WORK REQUIRED: Reproduce every record below exactly as written, but leave out any pictures.
[Opening DATASET EXTRACT section]
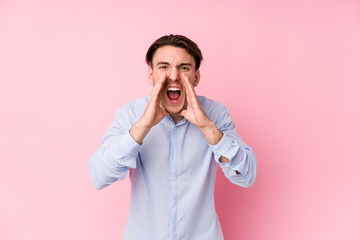 Young caucasian man posing in a pink background isolated shouting excited to front.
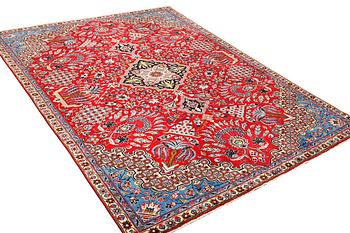 A Kashan carpet, c. 350 x 224 cm.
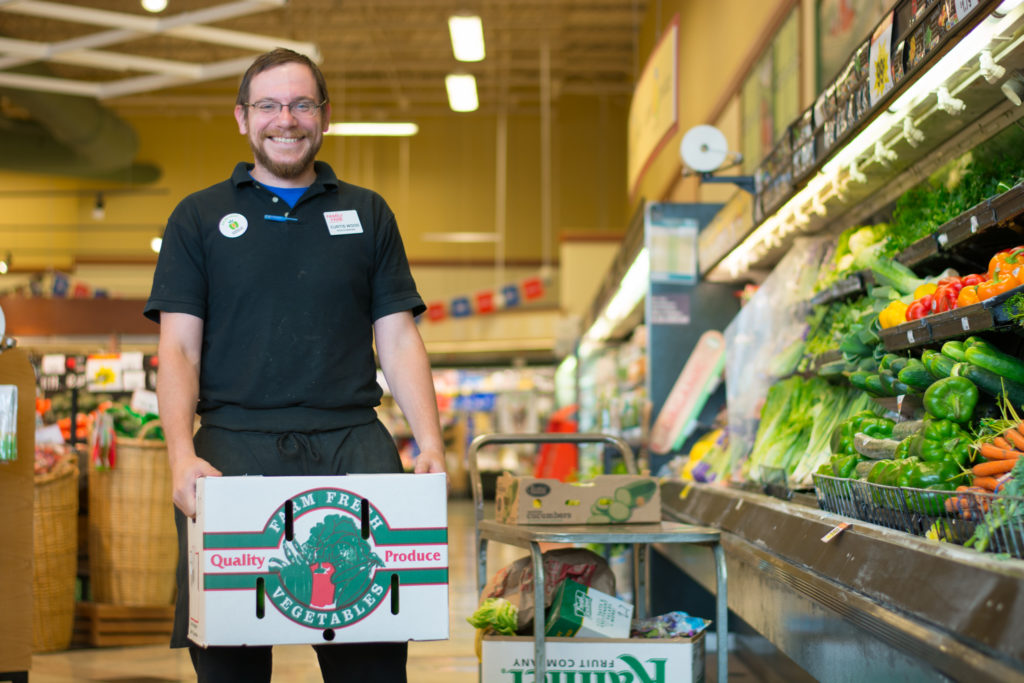 photo of a grocery store worker holding a box of produce in the produce section of the store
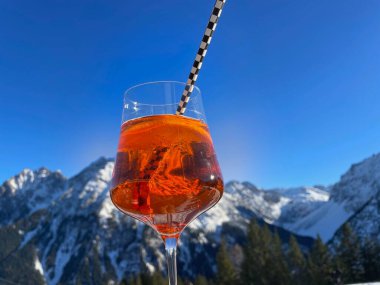 Apres-ski cocktail, after ski, in Austrian Alps. Vorarlberg, Austria.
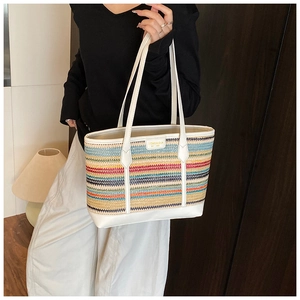 Detail of colorful striped woven tote bag with white leather handles and gold logo emblem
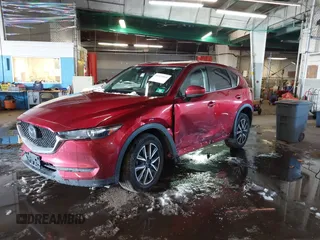 2018 Mazda CX-5 Touring with VIN JM3KFBCM7J0430425, listed as a IAAI auction lot 41524553 with 102,715 mi miles. Bid and sale history available at carsss.com. Image 16.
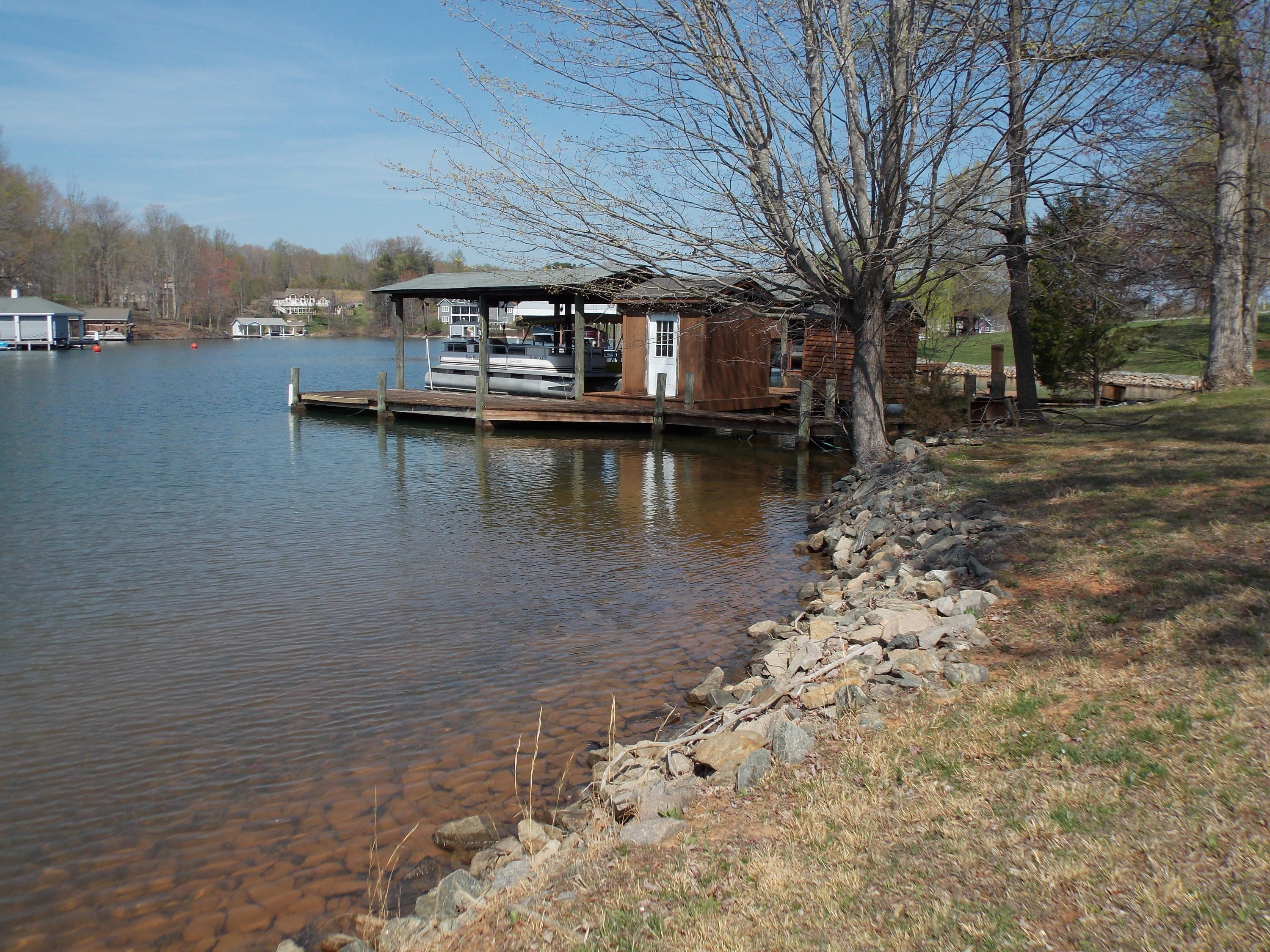 356 Cool Branch Road Penhook, VA 24137 - Photo 12 of 40 a view of a lake with a mountain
[Closing DATASET EXTRACT section]
PROBLEM SOLUTION:
 Young caucasian man posing in a pink background isolated shouting excited to front.
 A Kashan carpet, c. 350 x 224 cm.
 photo of a grocery store worker holding a box of produce in the produce section of the store
 Apres-ski cocktail, after ski, in Austrian Alps. Vorarlberg, Austria.
 Detail of colorful striped woven tote bag with white leather handles and gold logo emblem
 2018 Mazda CX-5 Touring with VIN JM3KFBCM7J0430425, listed as a IAAI auction lot 41524553 with 102,715 mi miles. Bid and sale history available at carsss.com. Image 16.
 356 Cool Branch Road Penhook, VA 24137 - Photo 12 of 40 a view of a lake with a mountain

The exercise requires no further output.